3.4. COVID-19 Noncardiovascular Complications

Appendix 5 defines the broad range of noncardiovascular complications that can occur in a probable or confirmed case of COVID-19. SARS-CoV-2 is primarily a respiratory virus that infects the upper airway and, in severe cases, can progress into a lower airway infection (pneumonia), progressive respiratory failure (acute respiratory distress syndrome), and many other systemic complications. It is uncertain whether extrapulmonary cardiovascular, as well as noncardiovascular, complications are related to indirect injury caused by systemic inflammation or to direct viral tissue damage, or both. Shock and multiorgan failure observed in severe cases of COVID-19 may be related to septic shock, cytokine storm, cardiogenic shock, obstructive shock, or mixed distributive combined with cardiogenic shock. In addition to lung and heart complications, COVID-19 can contribute to renal, hepatic, hematologic, and neurological complications. Pregnant women with COVID-19 have been identified by the CDC to be at increased risk for severe illness, and COVID-19 may be associated with pregnancy loss and other adverse pregnancy outcomes. Many other noncardiovascular symptoms during COVID-19 have been noted and include microvascular thrombosis, thrombophilia, cerebral venous thrombosis, anosmia, ageusia, rhabdomyolysis, peripheral neuropathy, gastrointestinal symptoms, de novo or acute worsening of chronic hyperglycemia, ocular symptoms, encephalopathy, skin changes, and livedo reticularis.

3.5. Symptoms and Signs

Appendix 6 outlines and defines common cardiovascular and noncardiovascular symptoms in patients with COVID-19, as well as an abbreviated list of physical examination findings. Symptom data elements may be derived from structured variables within the EHR (eg, chief complaint or problem list), as components of patient-reported outcomes in applied survey instruments, or as free text within clinical source documents. Because COVID-19 physical examination findings are less uniformly captured, this list focuses on signs related to potential acute cardiovascular complications from COVID-19. Future research on the postacute COVID-19 syndrome will elucidate important persistent or postacute symptoms and signs of relevance. Although the signs and symptoms of SARS-CoV-2 infection in children may be similar to those in adults, many children are asymptomatic or may have only a few symptoms. The most common signs and symptoms of COVID-19 in hospitalized children are fever, nausea/vomiting, cough, shortness of breath, and upper respiratory symptoms.[3] Although the true incidence of asymptomatic SARS-CoV-2 infection is unknown, asymptomatic infection was reported in up to 45% of children who underwent surveillance testing at the time of hospitalization for a non–COVID-19 indication.[3] SARS-CoV-2 has been associated with a potentially severe inflammatory syndrome in children (MIS-C) and young adults (MIS-A) (Appendix 3).

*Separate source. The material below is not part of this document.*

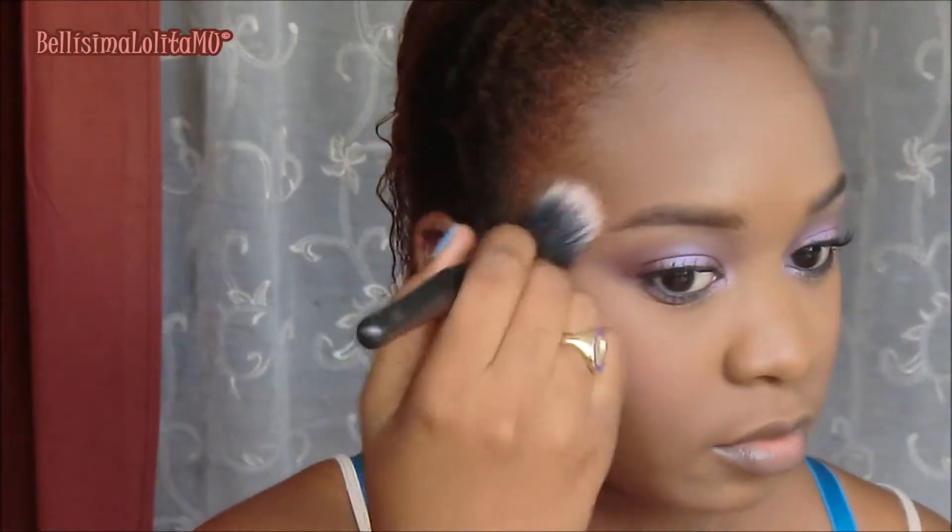Then I'm going to use this eyeshadow by Ruby Kisses — it's another Luxe Color eyeshadow in Dazzling Sand — applying that over the blush to make it look like I'm glowing from within. Then I'll be using my usual highlighter combo to highlight the rest of my face: by my eyebrows, my temples, the bridge of my nose, my cupid's bow, and my chin.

3.6. Diagnostic Procedures

As discussed previously, COVID-19 may result in a number of cardiovascular complications. The approach to these complications can involve a number of standard diagnostic procedures. Laboratory testing, including cardiac troponin, natriuretic peptide levels, complete metabolic profile, blood cell counts, coagulation parameters, and inflammatory biomarkers, can be helpful. Electrocardiography is used to identify rhythm and conduction abnormalities. Echocardiography is the most common means of assessing left ventricular ejection fraction, right ventricular function, wall motion abnormalities, and pulmonary artery systolic pressure. Other imaging procedures such as MRI may be used to assess myocardial involvement (ie, myocarditis, myocardial wall edema, myocardial fibrosis and scar), as well as other structural abnormalities and ventricular function. Several imaging techniques, including computed tomography (CT), nuclear, and coronary angiography, may be used to evaluate for obstructive coronary disease. Coronary angiography can be used to evaluate for ACS. Chest x-ray is first line for evaluating acute lung processes, and chest CT angiography may be used to further define or to evaluate for pulmonary embolus. Right heart catheterization may be used to diagnose cardiogenic shock, evaluate filling pressures, or evaluate pulmonary pressures. Venous and arterial thromboses are known to occur and can often be identified by ultrasonography, vascular, or nuclear imaging. In the case of arterial thrombosis and stroke, CT and MRI are used to define the extent and nature (ischemic vs. hemorrhagic). Appendix 7 summarizes the more common diagnostic procedures and lists standard data elements that describe the diagnostic procedures and potential findings.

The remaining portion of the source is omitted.